With (normal) spin casting the weight of the lure pulls the line out of the reel. In fly casting the weight of the line carries the fly to the fish.
Practice in a large grassy area with plenty of room. Avoid parking lots and cement areas… you don’t want to ruin your line before you even get on the water. You don’t need a fly or anything else on your line to practice, but you may wish to tie a piece of red or other easy to see colored yarn to the tip of your line so you can always see the tip of your line in action.
With your left hand pull 20 feet or so of line out of your reel and lay it on the ground to the right of you. (If you are a lefty, do everything the opposite way)
The Fly Casting Grip:
Grasp the fly rod with your hand and place your thumb on top of the rod grip. Keep your thumb on top of the rod. This helps you to exert more force in a short cast, and cast correctly.
When you are first learning to cast keep the rod butt under and perpendicular with your forearm and wrist.
Preparing To Cast
Thread your line through the rod. With your left hand pull 10-20 feet or so of line out of your reel and lay it on the ground to the right of you. (If you are a lefty, do everything the with the opposite hand/side as stated)
Hold the line firmly in your left hand and remember to keep it tight throughout the entire casting sequence, you can do fancier things with the line in your left hand after you have a good feel for a standard cast.
Using a brisk motion, sweep the rod back 45 degrees of your center (2 o’clock position). STOP. The act of stopping your motion abruptly at the 2 o’clock position is key and will force your line to shoot behind you.
Turn your head and watch the line as it straightens out behind you. When the line is horizontal (don’t let it touch the ground), push your rod forward 45 degrees to a 10 o’clock angle and STOP.

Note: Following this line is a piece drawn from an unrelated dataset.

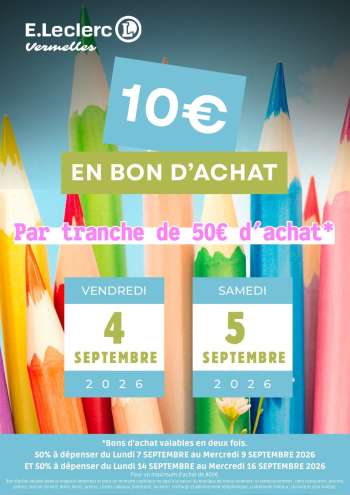 Catalogue E.Leclerc - 04/09/2026 - 05/09/2026.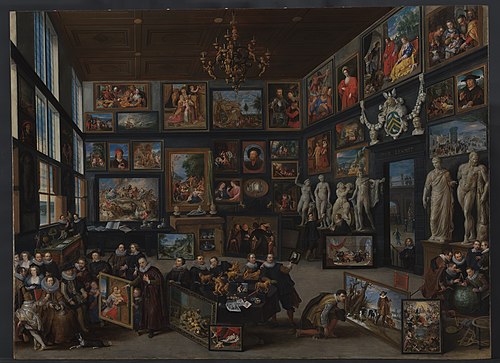 La Galerie de Cornelis van der Geest, 1628, Willem van Haecht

If done correctly, the line will straighten out in front of you and land on the ground. Rinse and Repeat.
General Tips for Fly Casting
- Always wear protective eye or sunglasses
- Are you hearing your line snap, or getting weak casts?
Be sure that you STOP your rod motion at the 2 o’clock and 10 o’clock positions.
See Casting Basics
- Pay attention to how the rod feels throughout the cast, you will be able to feel the force in the motion of the rod and line, and be able to understand what a good cast “feels” like.
- Have patience… learning to cast isn’t easy at first, but it does eventually “click”.
- Remember that Timing is the key factor in fly casting, not strength.
- The farther you need to cast, the higher you must stop the rod tip at the end of a forward cast. Fly line will shoot in the direction that you stop the rod tip.
Fly Fishing Casting:
For shorter casts, you aim about three to four feet above the ground/water.
For longer casts, aim higher to allow the tip of your line more time to reach this distance.
A good way to practice distance and aim is to set up targets at various distances from where you stand and do drills to get your fly to land on top of each target.